-- DATA FOR THE TASK --
- Opening Delimiter -
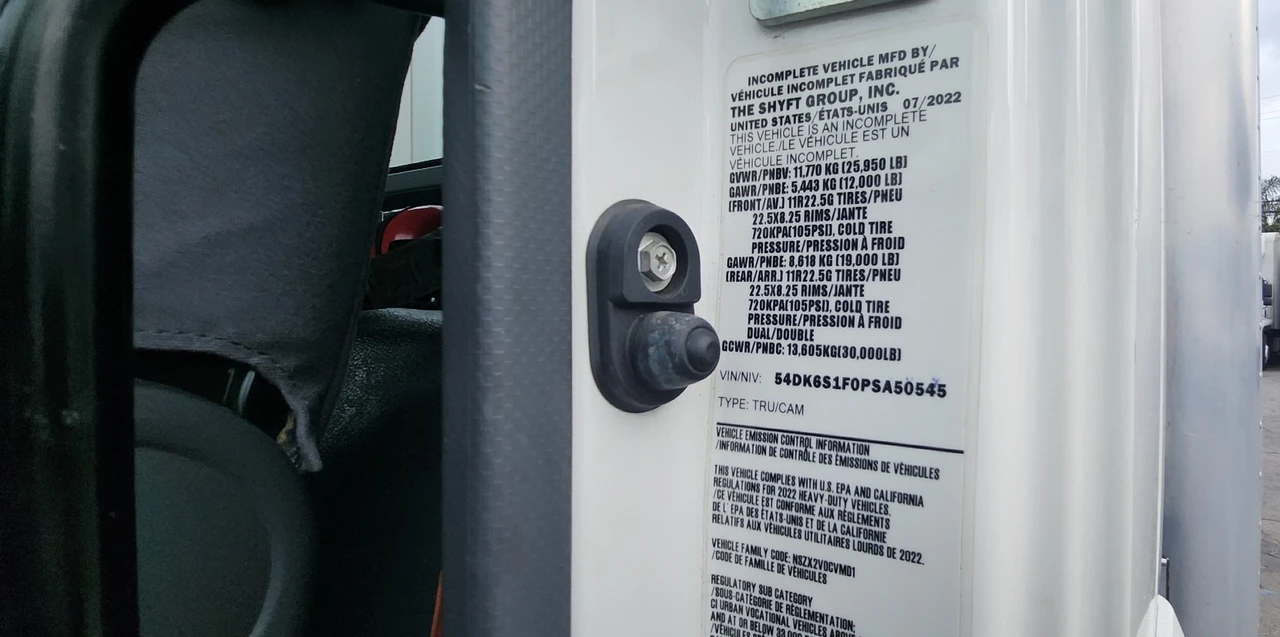 2023 Isuzu Elf - Image 25 of 31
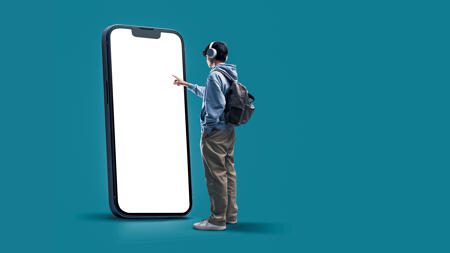 Digitale Lernmittel: Schüler wollen mehr davon – und lieben ihr Smartphone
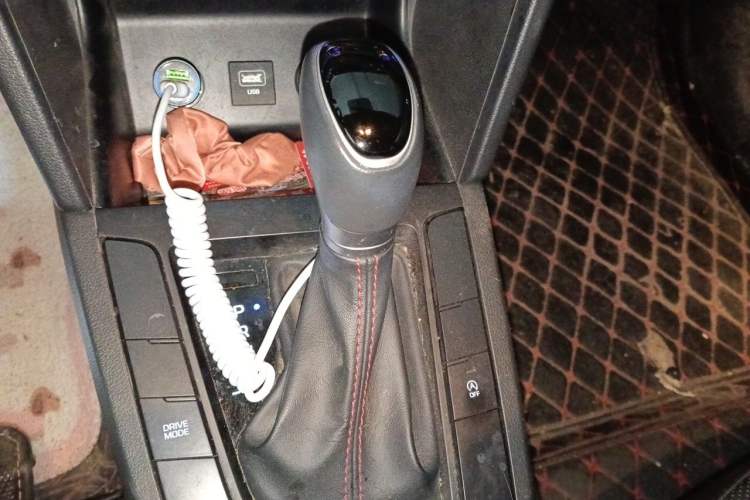 Used Hyundai Elantra (6th Generation / Lingdong) 2020 1.4T Dual-Clutch Xuan Dong · Dynamic Version Gear Lever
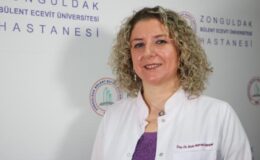 Baş ağrısı için sık ilaç kullananlara ‘baş ağrısı günlüğü’ tavsiyesi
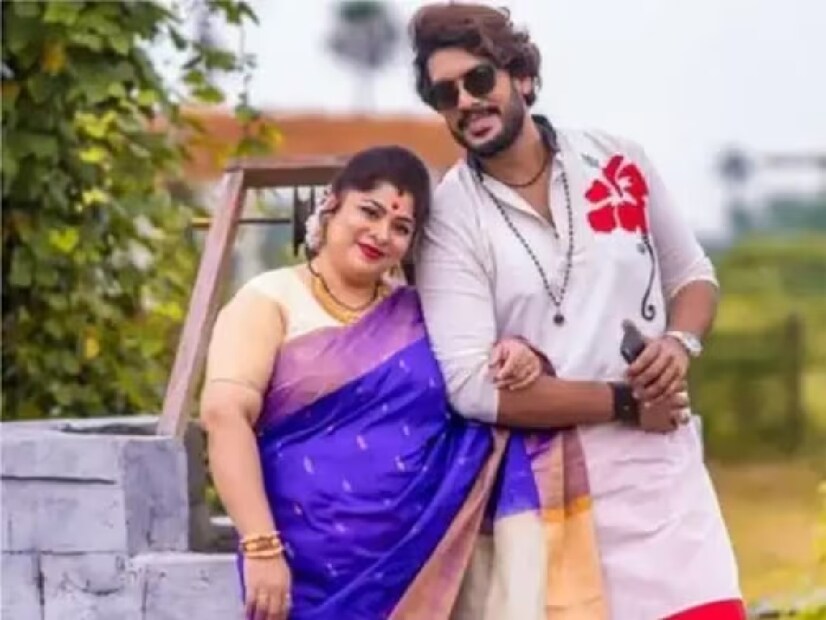 সন্তান না নেওয়ার সিদ্ধান্ত---এই দম্পতি বর্তমানে ৪০ বছর বয়স পার করেছেন। তবে তাঁদের কোনও সন্তান নেই। তাঁরা জানিয়েছেন, "এখন যদি সন্তান নেই, তাহলে বড় করতে করতে ৬০ বছর হয়ে যাবে। তখন সন্তানের দেখাশোনা কে করবে? তাই আমরা সন্তান নেওয়ার পরিকল্পনা করিনি।"  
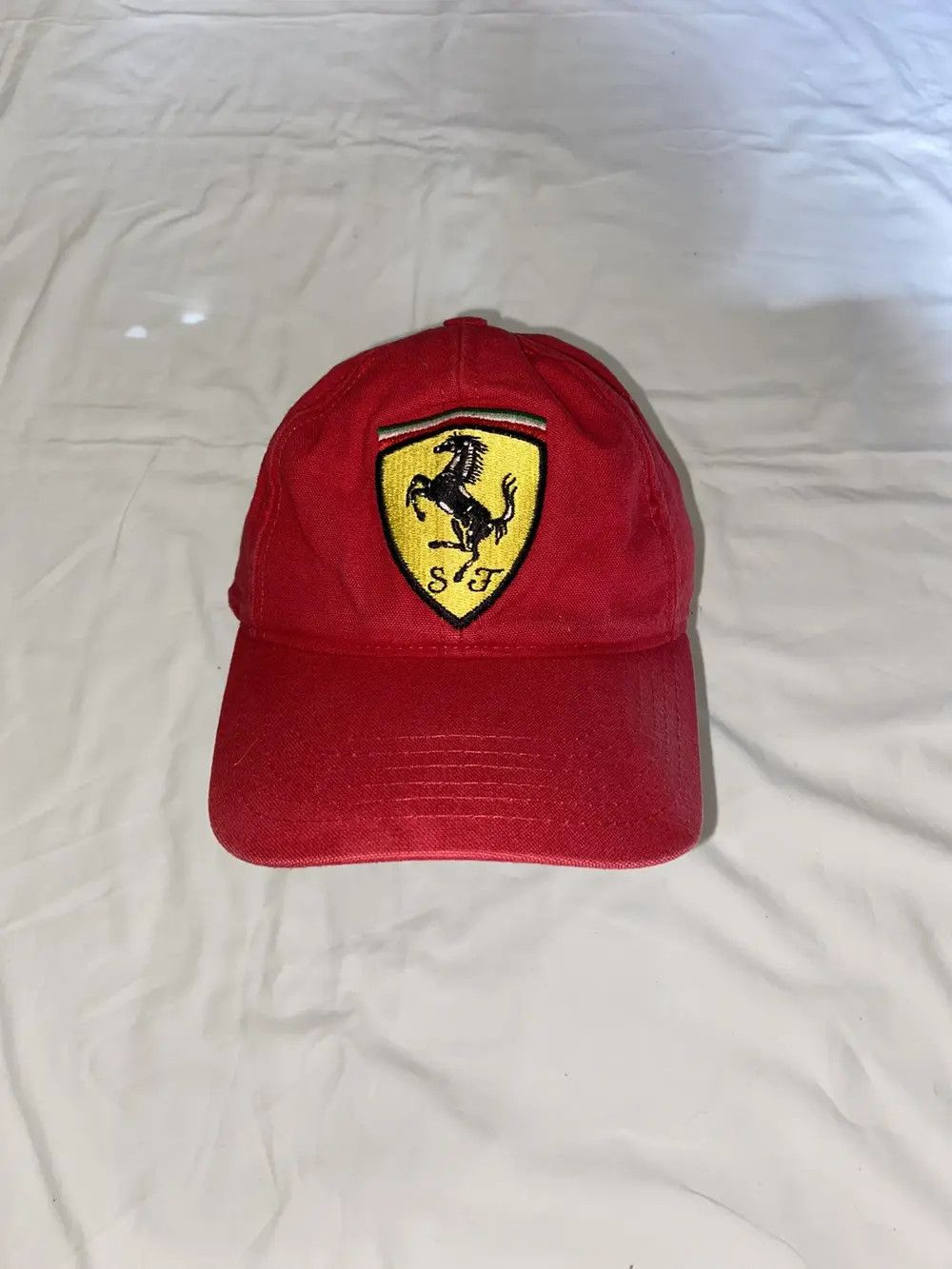 Ferrari VINTAGE 1999 RED FERRARI RACING 90’S HAT CAP F-1 FORMULA Size ONE SIZE - 1 Thumbnail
- Closing Delimiter -
-- AIM OF THE TASK --
Starting from the line containing "সন্তান না নেওয়ার", repeat each line exactly through the end of the entries, including the last, while leaving pictures out.

-- EXERCISE RESULT --
 সন্তান না নেওয়ার সিদ্ধান্ত---এই দম্পতি বর্তমানে ৪০ বছর বয়স পার করেছেন। তবে তাঁদের কোনও সন্তান নেই। তাঁরা জানিয়েছেন, "এখন যদি সন্তান নেই, তাহলে বড় করতে করতে ৬০ বছর হয়ে যাবে। তখন সন্তানের দেখাশোনা কে করবে? তাই আমরা সন্তান নেওয়ার পরিকল্পনা করিনি।"  
 Ferrari VINTAGE 1999 RED FERRARI RACING 90’S HAT CAP F-1 FORMULA Size ONE SIZE - 1 Thumbnail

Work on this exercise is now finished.